An exact transcription is needed, starting at the line containing "Hello people. Today" and running through the last line of the records, with every picture left out.

[Stored data entries]
━━━━━━━━━━━━━━━━━━━━━━━━━━━━━━

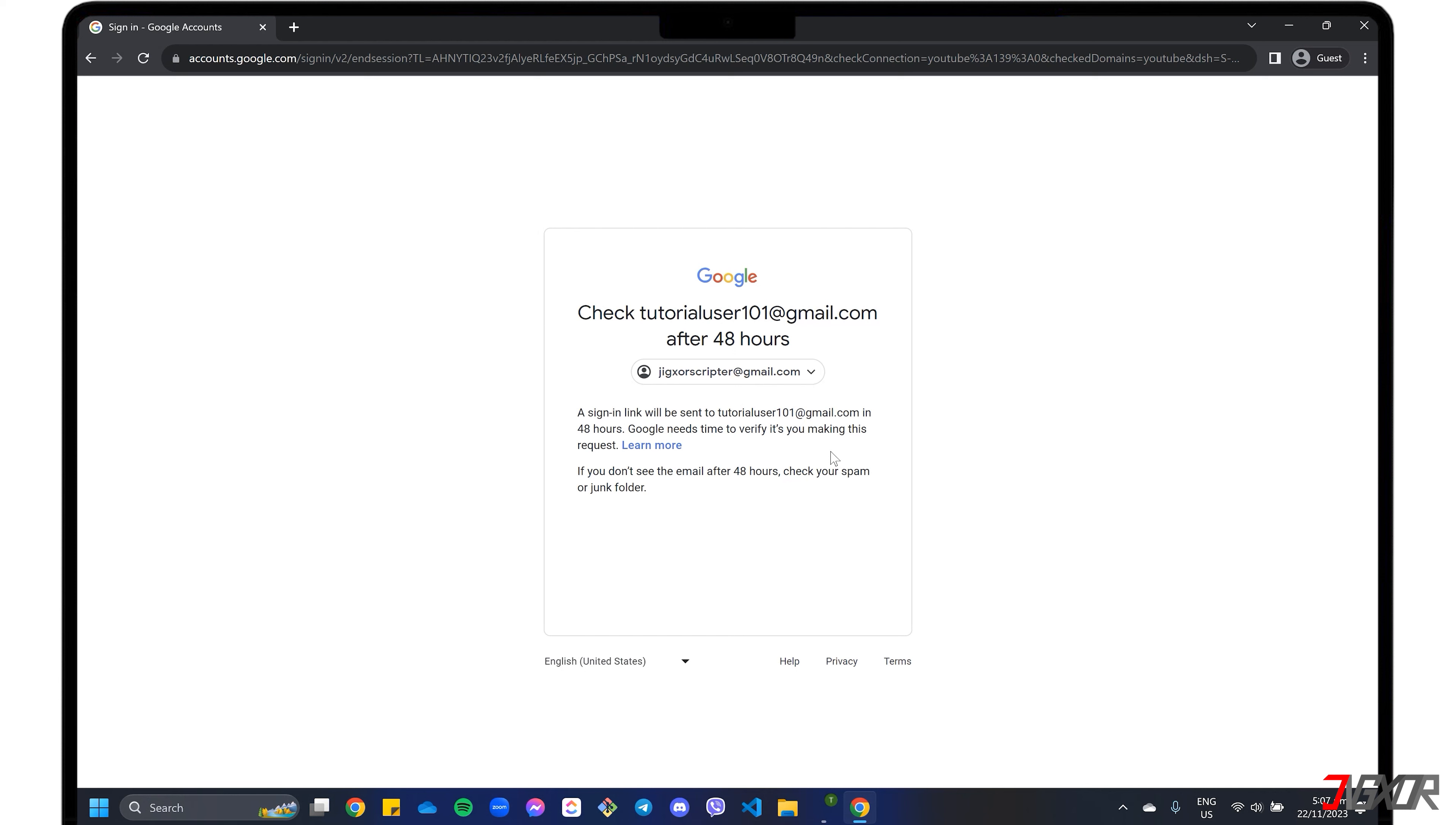If you don't see an email after the specified time, you can check your spam or junk folder. Once you receive the login link, follow the recovery instructions to reset your password.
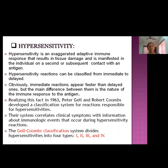The Gell-Coombs classification system divides hypersensitivity reactions into four types: Type 1, Type 2, Type 3, and Type 4. In the next lecture we will start with the Type 1 hypersensitivity reaction. Thank you very much.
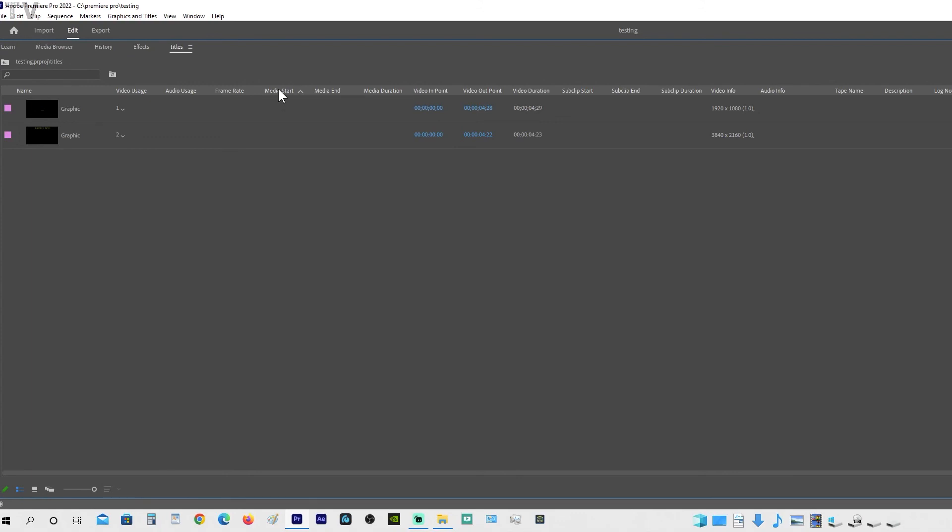You can also rearrange the way this database is set up. If you want Media Start to be at the very beginning, you can do that easy enough. My only regret about the database mode is I wish the images were about 30 to 40 percent bigger. You don't want them too big because it is the database mode, not the hover scrub/thumbnail mode.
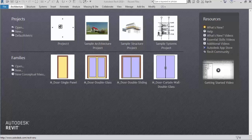Hi everyone, welcome to Civil Engineering Tutorials. In this video I will show you details about templates and how to do template setting in Revit. Please follow me on Facebook, Instagram and Twitter to get all kinds of updates. Also hit the subscribe button and the bell icon to stay updated with all new videos. So let's get started.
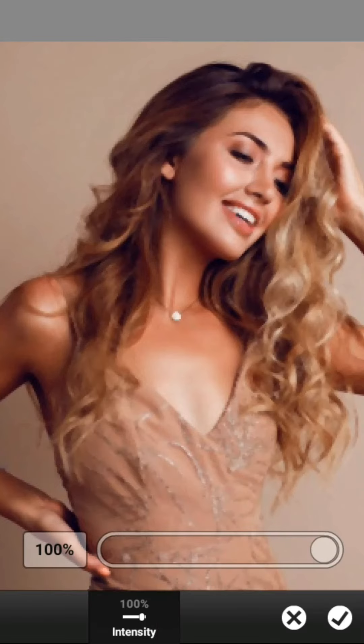Pertama, Sobat Semua, tekan tombol Adjustments. Lalu pilih Reduce Noise.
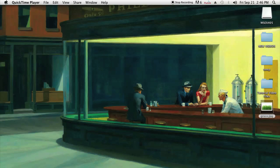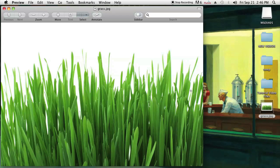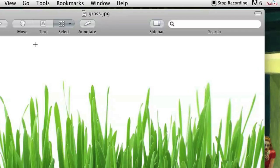So let's go ahead and open a picture up that I have called Grass — it's just a picture of grass. You open it up and as you can see, Preview opened it up and it displays the whole picture.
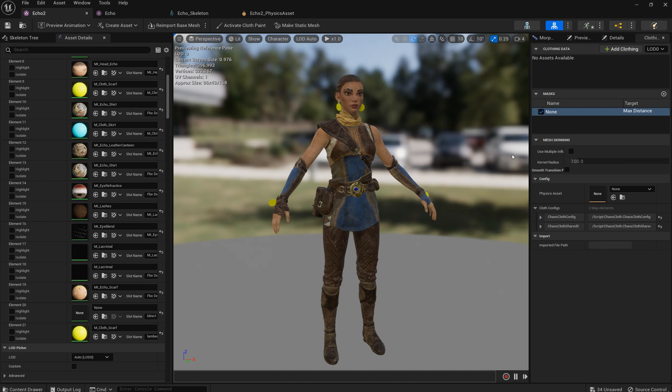Hello people. Today I'm going to show you an alternative way to simulate little dangling objects like pendants or some decorations. It can be even small bags on a character's belt like Echo has or some other decorative elements of the clothes or earrings and so on.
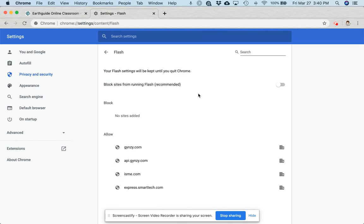And then here where it says block sites from running Flash, you're going to want to flip that so that it's set to Ask First.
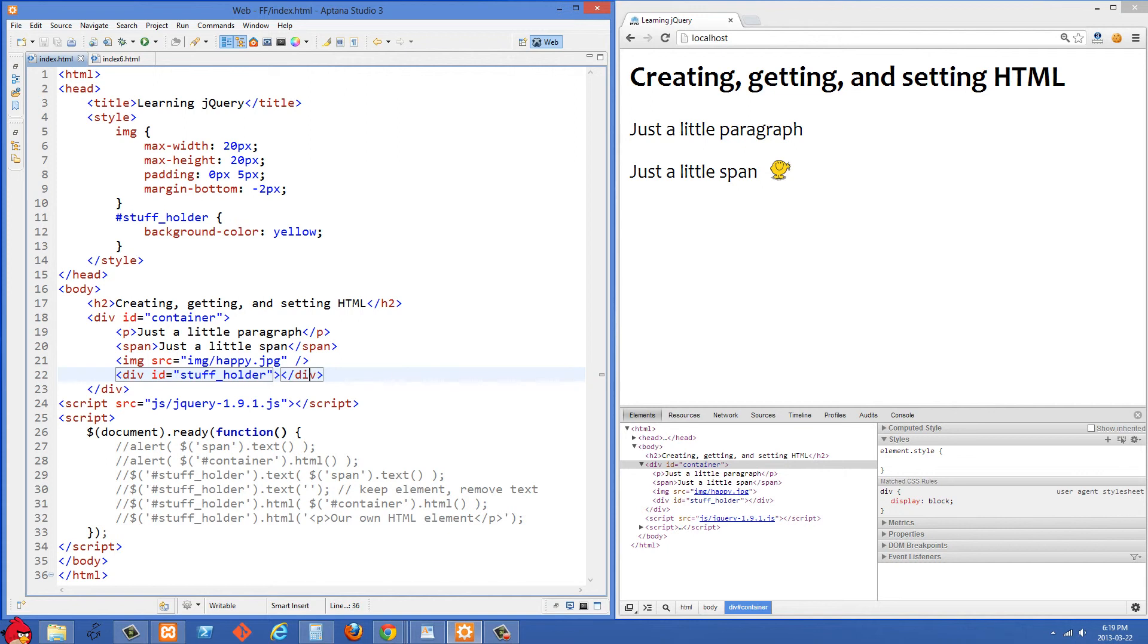Creating, getting, and setting HTML is something you do all the time when you're using jQuery and it's also really easy to do.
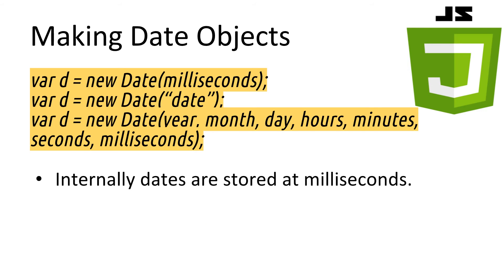Generally, we want to create an object to hold a date at a certain time. Here, we have three different ways of creating a new date object. Milliseconds, a date string, or with specific values. Once we have a date object, we can start interacting with it.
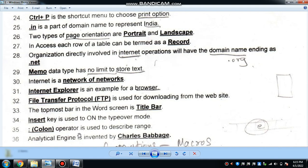The topmost bar in the Word screen is called the title bar. The Insert key is used to turn on the type-over mode.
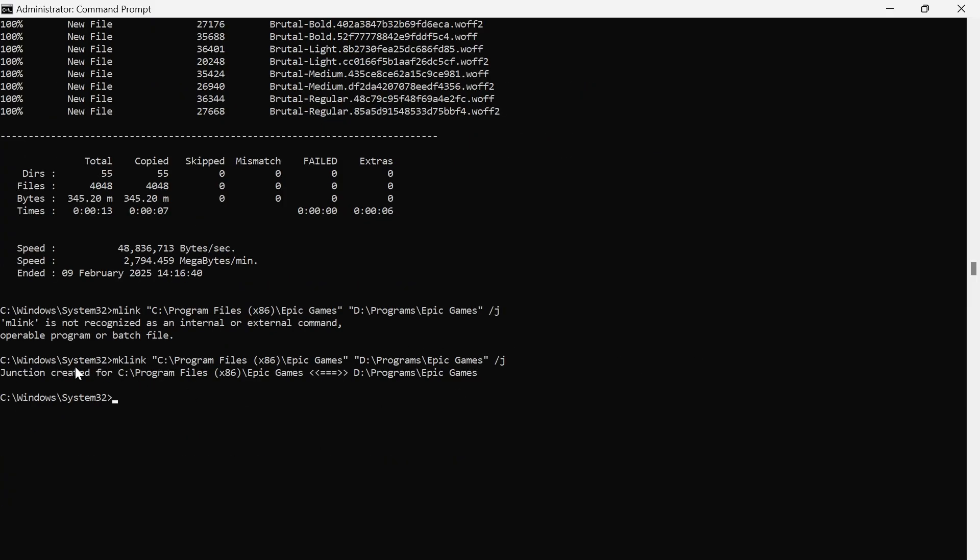Just like that, it should come up with this window saying 'junction created for.' And it's as simple as that. That's how you copy your applications from one drive to another. If you did find this video helpful, then let me know in the comments and I'll see you with the next one.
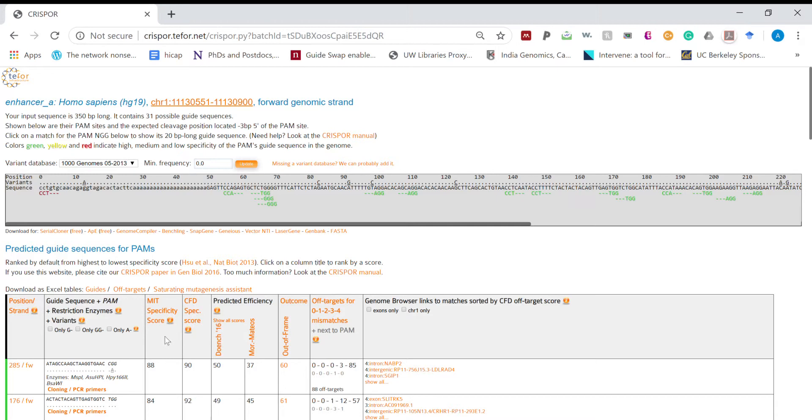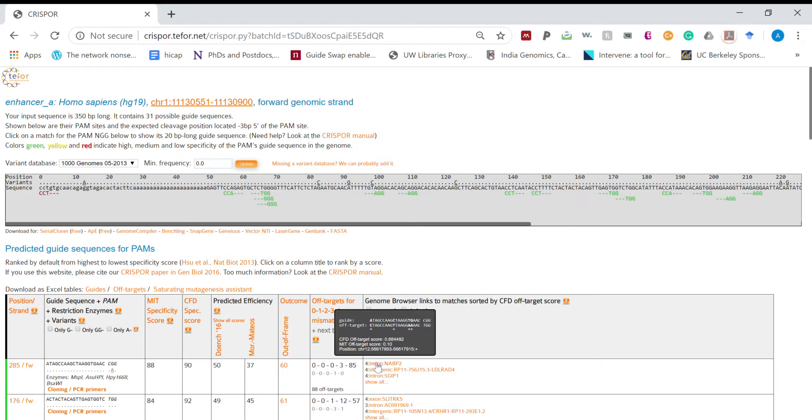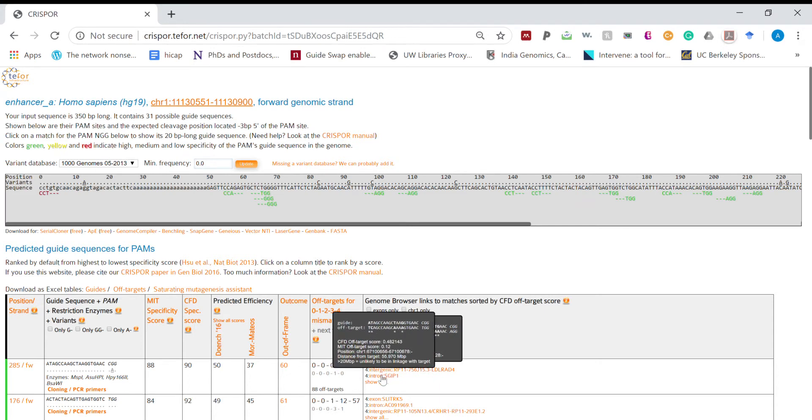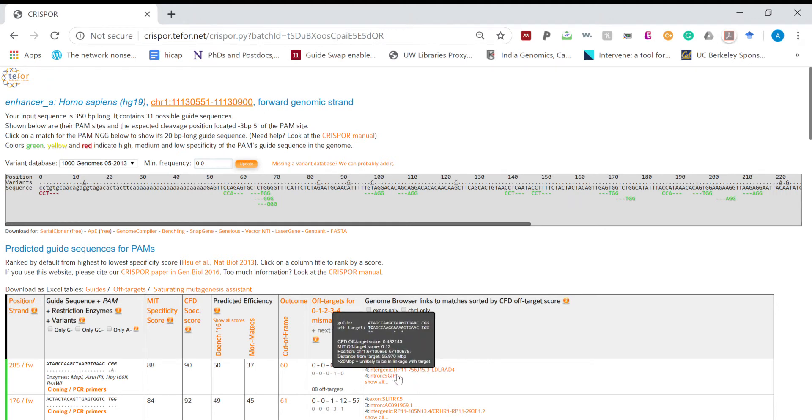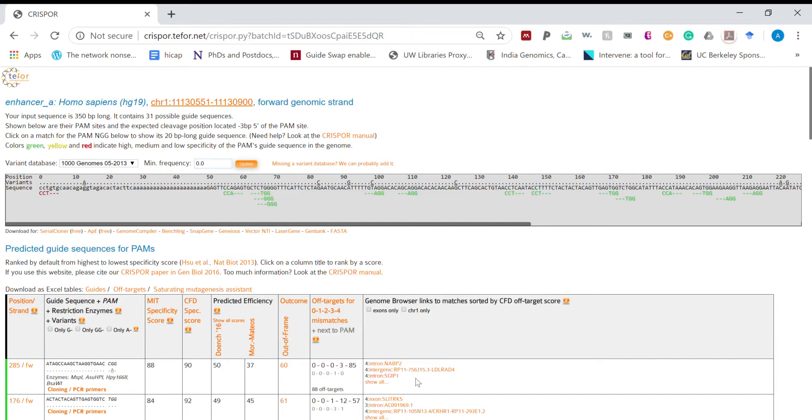So we will select this guide and we can note down that these are the possible off-targeting sites. And here we can observe most of the off-targeting sites are either intronic or intergenic in nature. Thus it will have least effect compared to the off-targeting sites which are exonic in nature.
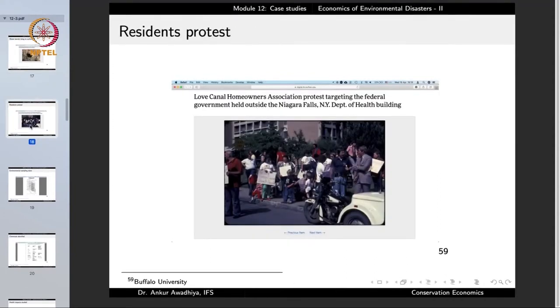The Love Canal Home Owners Association protested, targeting the federal government, holding demonstrations outside the Niagara Falls, New York Department of Health building. People started to agitate, asking what this residue coming into their homes was. They asked: at the site where the school was constructed, all these drums are coming to the surface and the pupils are playing with these drums, playing with these chemicals. If children are playing with chemicals that have such strange smells, won't they have a negative health impact? And if there is a negative impact, what is the government doing?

━━━━━━━━━━━━━━━━━━━━━━━━━━━━━━

§ FINISHED EXERCISE
Hello people. Today I'm going to show you an alternative way to simulate little dangling objects like pendants or some decorations. It can be even small bags on a character's belt like Echo has or some other decorative elements of the clothes or earrings and so on.
And then here where it says block sites from running Flash, you're going to want to flip that so that it's set to Ask First.
Creating, getting, and setting HTML is something you do all the time when you're using jQuery and it's also really easy to do.
Generally, we want to create an object to hold a date at a certain time. Here, we have three different ways of creating a new date object. Milliseconds, a date string, or with specific values. Once we have a date object, we can start interacting with it.
The topmost bar in the Word screen is called the title bar. The Insert key is used to turn on the type-over mode.
Just like that, it should come up with this window saying 'junction created for.' And it's as simple as that. That's how you copy your applications from one drive to another. If you did find this video helpful, then let me know in the comments and I'll see you with the next one.
So we will select this guide and we can note down that these are the possible off-targeting sites. And here we can observe most of the off-targeting sites are either intronic or intergenic in nature. Thus it will have least effect compared to the off-targeting sites which are exonic in nature.
The Love Canal Home Owners Association protested, targeting the federal government, holding demonstrations outside the Niagara Falls, New York Department of Health building. People started to agitate, asking what this residue coming into their homes was. They asked: at the site where the school was constructed, all these drums are coming to the surface and the pupils are playing with these drums, playing with these chemicals. If children are playing with chemicals that have such strange smells, won't they have a negative health impact? And if there is a negative impact, what is the government doing?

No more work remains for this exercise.